Where this_ really_ comes in handy is with pedals using two or more LEDs to indicate something. That could be a two-circuit pedal with individual stompswitches, a modulation pedal with an "on" LED and another to indicate modulation speed, etc. Ideally, one wants two different colours for optimum informativeness. Their respective brightnesses should not only be easily visible, but matched for brightness. Their respective brightness/visibility is not only a function of their efficiency - the old Boss pedals used red ones rated at 300millicandles and currently available blue can easily be 6000millicandles - but their colour (our eyes being more sensitive to some colours than others), as well as the surrounding background. For instance, using a yellow LED against a light-coloured background (beige, white, light pink) is contraindicated, but the same LED may be easily visible against a black or dark green enclosure, or simply installed in a black plastic bezel. My little tester unit allows one to easily experiment and find a pleasing illumination level.


----------



## Mark Brown (Jan 4, 2022)

mhammer said:


> It is all too easy to end up with a drawer or bag full of LEDs of unknown specs. As indicators, you want them to be as visible as they need to be, but not "blinding" (and some of those recent blue ones can be the sort you want to avert your eyes from). I made myself a little LED tester, using an 11-position rotary switch. (rotary switches tend to come in combinations of 12 contacts: so 2-pole/6 position, 3-pole/4-position, etc.). Each position is a different resistor, starting from 1k, going up to 18k. I insert an LED into the socket, set the switch to 18k, attach a 9V battery to the battery snap, and work my way down from 18k to whatever value seems to yield the desired brightness level. The resistor values chosen are not magical, but provide a reasonable spread from the min to max value. If value X is too bright and the next one down too dim, you simply use a standard-value in between those two resistances.
> 
> Where this_ really_ comes in handy is with pedals using two or more LEDs to indicate something. That could be a two-circuit pedal with individual stompswitches, a modulation pedal with an "on" LED and another to indicate modulation speed, etc. Ideally, one wants two different colours for optimum informativeness. Their respective brightnesses should not only be easily visible, but matched for brightness. Their respective brightness/visibility is not only a function of their efficiency - the old Boss pedals used red ones rated at 300millicandles and currently available blue can easily be 6000millicandles - but their colour (our eyes being more sensitive to some colours than others), as well as the surrounding background. For instance, using a yellow LED against a light-coloured background (beige, white, light pink) is contraindicated, but the same LED may be easily visible against a black or dark green enclosure, or simply installed in a black plastic bezel. My little tester unit allows one to easily experiment and find a pleasing illumination level.

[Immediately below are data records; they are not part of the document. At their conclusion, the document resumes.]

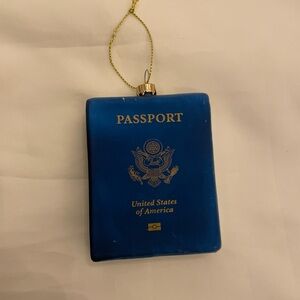 Elegant Blue Passport Holiday Ornament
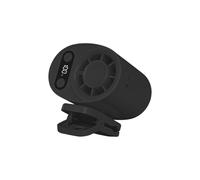 Ventilateur de taille | Affichage numérique 100 vitesses rechargeable par USB - Petit ventilateur portable - pour sac de table, ceinture, voyage, maison, bureau, école, trajet, marche
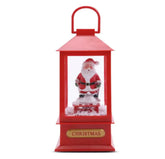 Lanterna Noel com led e música e movimento 21x11cm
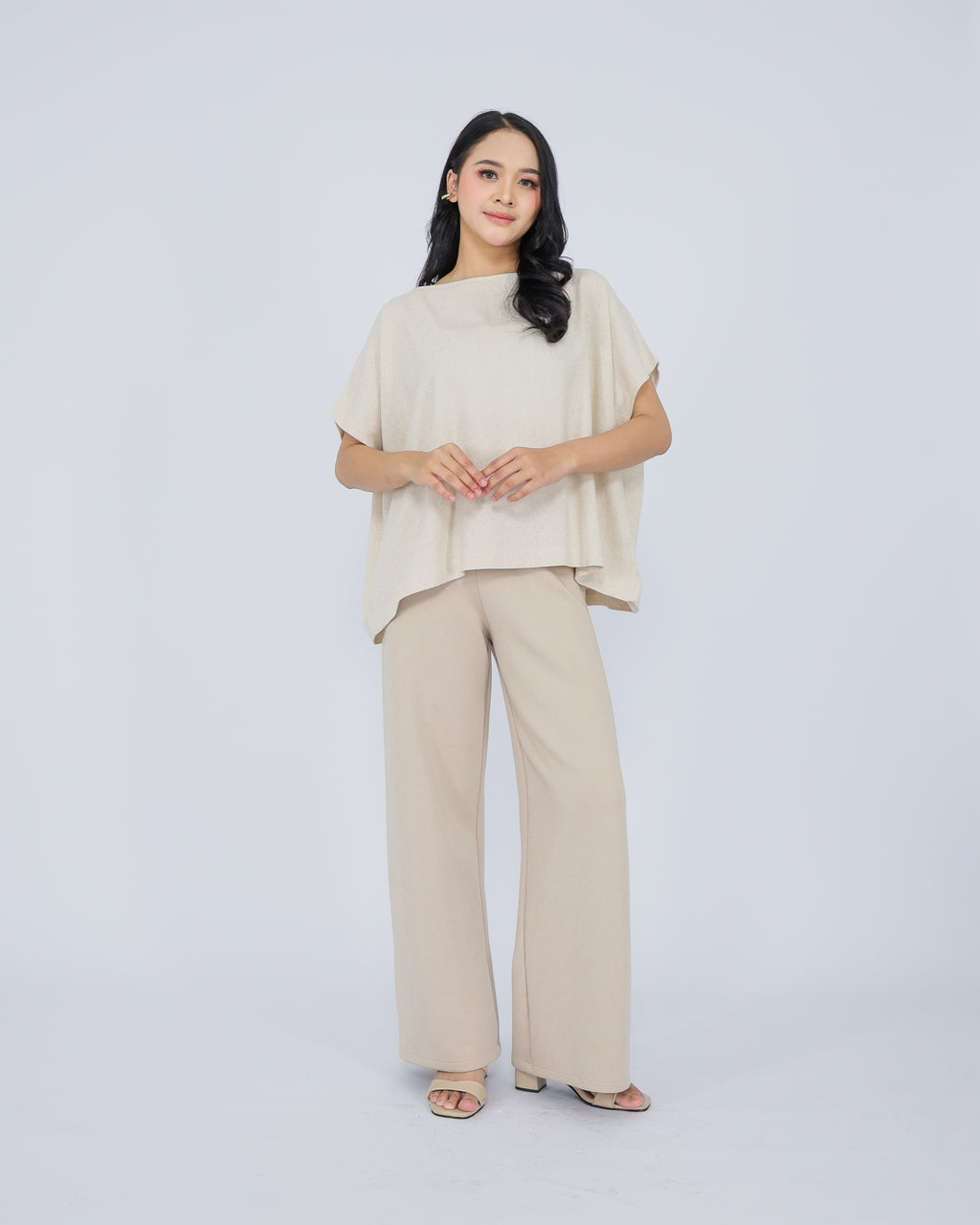 Beata Linen Blend Top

That is a rather ingenious idea Mr. Hammer, probably beats guessing all the time 

I am in the middle of fundamental concept exploration. The idea of making tools to verify conceptual resistance in relation to application is fantastic!

I am finding that the more I play with stuff, the information I have tried to stuff into my brain starts to sink in as there is an application for it. I can read until I am blue in the face and nothing truly sinks in. There are too many concepts to understand and too much information to try and process. Application starts to force a person to really comprehend all the information that exists as you are forced to demonstrate an understanding of it... lest your poor resistors light on fire. 

I have a 120v to 35v transformer on the way so I can build a variable bench power supply for putzing. Figured there wasn't much harm in playing with this for now. 

For anyone that must know, I do know the risks of playing around with those mains. That is not lost on me.


----------



## Paul Running (Apr 12, 2020)

Mark Brown said:


> So to anyone who played with this stuff as a kid or is simply smarter than I am, hats off to you. @mhammer and @Paul Running I am looking straight at you guys


My mother told me that I stuck a metallic object in an AC receptacle when I was young...and I believe that started it all for me.


Mark Brown said:


> I took 120v Line mains ran it through my bridge rectifier


To be safe you should isolate the mains power with an isolation transformer.
18VDC can be supplied by most laptop chargers.


----------



## mhammer (Nov 30, 2007)

Mark Brown said:


> That is a rather ingenious idea Mr. Hammer, probably beats guessing all the time
> 
> I am in the middle of fundamental concept exploration. The idea of making tools to verify conceptual resistance in relation to application is fantastic!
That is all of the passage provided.